# What this task involves:
Please return all of the entries below exactly as they are written.

*** Data ***

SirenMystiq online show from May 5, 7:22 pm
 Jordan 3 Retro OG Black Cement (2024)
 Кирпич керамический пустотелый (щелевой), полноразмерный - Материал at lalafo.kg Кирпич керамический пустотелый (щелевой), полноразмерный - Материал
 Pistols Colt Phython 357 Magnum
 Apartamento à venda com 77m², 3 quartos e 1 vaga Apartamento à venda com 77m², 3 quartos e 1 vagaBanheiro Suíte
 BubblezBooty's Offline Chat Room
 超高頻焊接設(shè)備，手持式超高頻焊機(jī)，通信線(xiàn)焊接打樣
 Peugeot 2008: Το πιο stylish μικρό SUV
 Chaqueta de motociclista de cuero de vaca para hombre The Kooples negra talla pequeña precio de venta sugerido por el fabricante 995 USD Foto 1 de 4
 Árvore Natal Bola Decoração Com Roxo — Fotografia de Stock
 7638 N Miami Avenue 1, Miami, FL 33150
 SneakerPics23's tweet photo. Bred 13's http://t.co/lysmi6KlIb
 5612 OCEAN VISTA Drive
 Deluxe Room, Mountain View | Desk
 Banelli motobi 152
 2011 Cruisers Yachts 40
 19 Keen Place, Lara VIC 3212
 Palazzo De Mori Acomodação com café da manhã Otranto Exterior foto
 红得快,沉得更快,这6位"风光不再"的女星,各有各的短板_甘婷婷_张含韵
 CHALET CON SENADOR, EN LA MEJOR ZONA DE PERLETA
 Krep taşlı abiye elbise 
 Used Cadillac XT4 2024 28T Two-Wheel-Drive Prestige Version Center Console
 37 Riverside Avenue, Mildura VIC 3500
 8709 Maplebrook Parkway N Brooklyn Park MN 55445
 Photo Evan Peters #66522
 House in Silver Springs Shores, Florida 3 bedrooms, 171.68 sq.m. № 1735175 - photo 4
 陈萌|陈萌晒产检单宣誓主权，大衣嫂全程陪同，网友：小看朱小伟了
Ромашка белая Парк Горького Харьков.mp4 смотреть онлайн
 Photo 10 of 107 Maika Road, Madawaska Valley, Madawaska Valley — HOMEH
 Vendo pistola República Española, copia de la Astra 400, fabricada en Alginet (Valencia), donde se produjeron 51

***

# Final answer:
SirenMystiq online show from May 5, 7:22 pm
 Jordan 3 Retro OG Black Cement (2024)
 Кирпич керамический пустотелый (щелевой), полноразмерный - Материал at lalafo.kg Кирпич керамический пустотелый (щелевой), полноразмерный - Материал
 Pistols Colt Phython 357 Magnum
 Apartamento à venda com 77m², 3 quartos e 1 vaga Apartamento à venda com 77m², 3 quartos e 1 vagaBanheiro Suíte
 BubblezBooty's Offline Chat Room
 超高頻焊接設(shè)備，手持式超高頻焊機(jī)，通信線(xiàn)焊接打樣
 Peugeot 2008: Το πιο stylish μικρό SUV
 Chaqueta de motociclista de cuero de vaca para hombre The Kooples negra talla pequeña precio de venta sugerido por el fabricante 995 USD Foto 1 de 4
 Árvore Natal Bola Decoração Com Roxo — Fotografia de Stock
 7638 N Miami Avenue 1, Miami, FL 33150
 SneakerPics23's tweet photo. Bred 13's http://t.co/lysmi6KlIb
 5612 OCEAN VISTA Drive
 Deluxe Room, Mountain View | Desk
 Banelli motobi 152
 2011 Cruisers Yachts 40
 19 Keen Place, Lara VIC 3212
 Palazzo De Mori Acomodação com café da manhã Otranto Exterior foto
 红得快,沉得更快,这6位"风光不再"的女星,各有各的短板_甘婷婷_张含韵
 CHALET CON SENADOR, EN LA MEJOR ZONA DE PERLETA
 Krep taşlı abiye elbise 
 Used Cadillac XT4 2024 28T Two-Wheel-Drive Prestige Version Center Console
 37 Riverside Avenue, Mildura VIC 3500
 8709 Maplebrook Parkway N Brooklyn Park MN 55445
 Photo Evan Peters #66522
 House in Silver Springs Shores, Florida 3 bedrooms, 171.68 sq.m. № 1735175 - photo 4
 陈萌|陈萌晒产检单宣誓主权，大衣嫂全程陪同，网友：小看朱小伟了
Ромашка белая Парк Горького Харьков.mp4 смотреть онлайн
 Photo 10 of 107 Maika Road, Madawaska Valley, Madawaska Valley — HOMEH
 Vendo pistola República Española, copia de la Astra 400, fabricada en Alginet (Valencia), donde se produjeron 51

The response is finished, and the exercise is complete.